** Data follows **
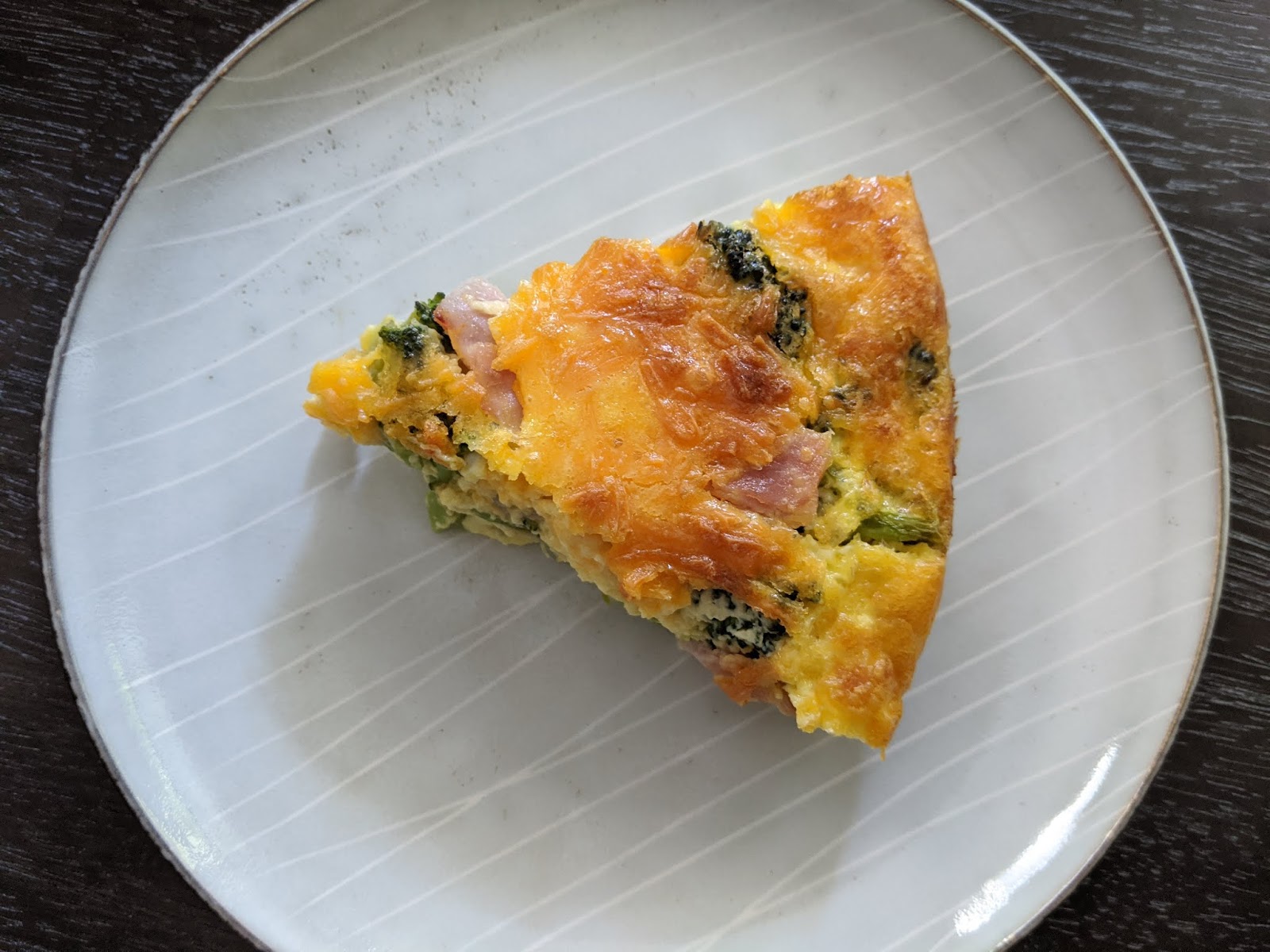 Crustless Broccoli and Ham Quiche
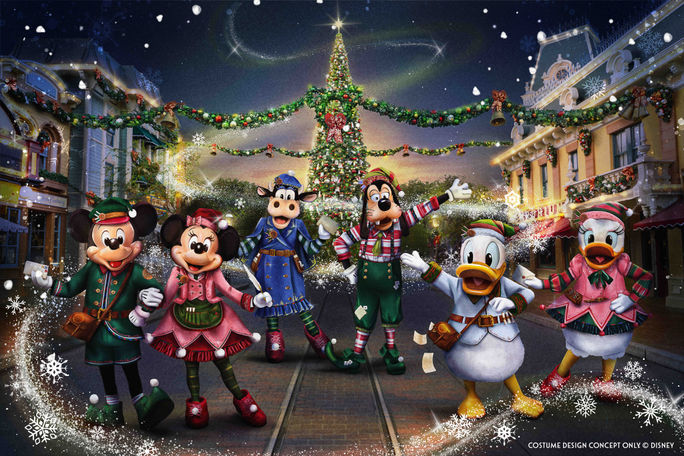 Representación de los conjuntos navideños de Mickey & Friends para 2024, Disneyland Resort, Anaheim, California.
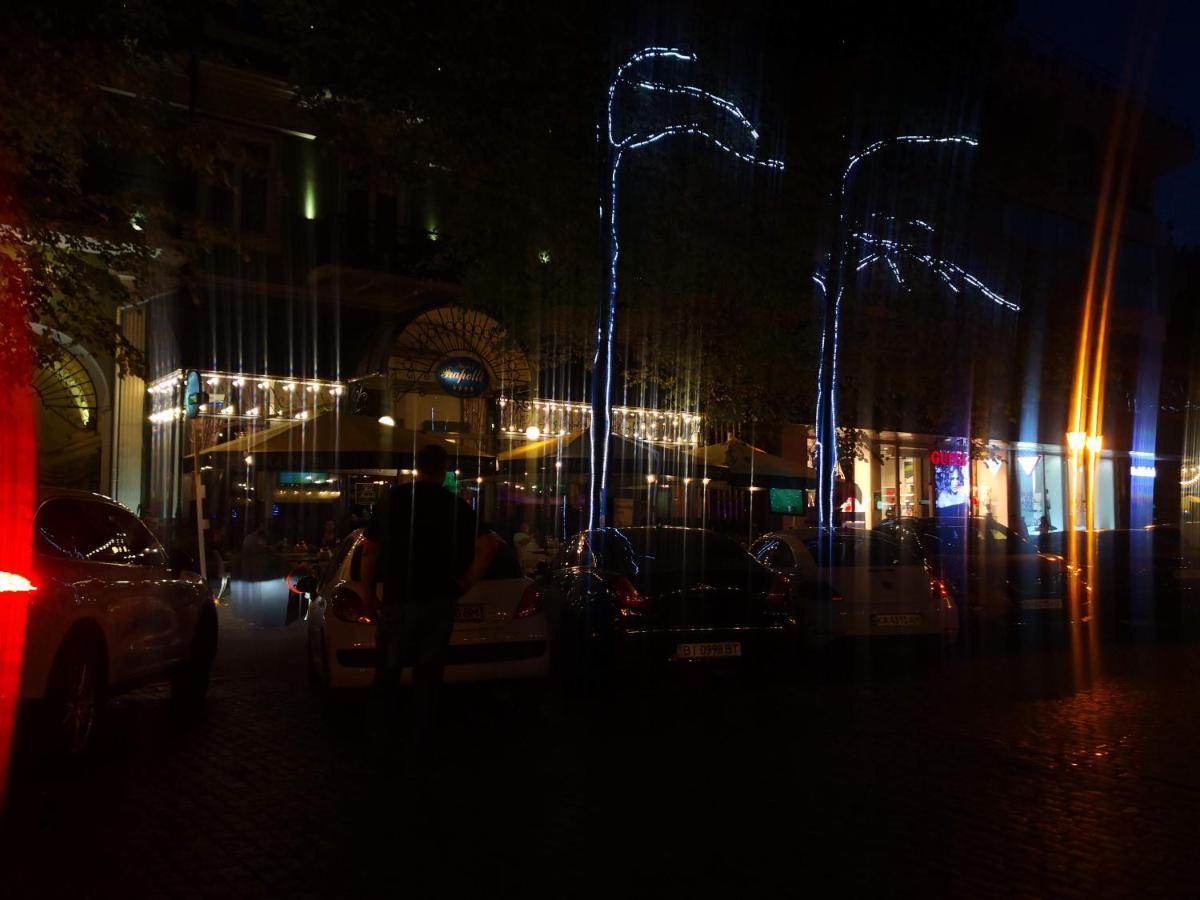 Затишні Апартаменти, Вулиця Дерибасівська, 13 Odessa Buitenkant foto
** End of Data **
* Problem: The listing above must be retyped word for word, without the pictures.

* Solution to this problem:
 Crustless Broccoli and Ham Quiche
 Representación de los conjuntos navideños de Mickey & Friends para 2024, Disneyland Resort, Anaheim, California.
 Затишні Апартаменти, Вулиця Дерибасівська, 13 Odessa Buitenkant foto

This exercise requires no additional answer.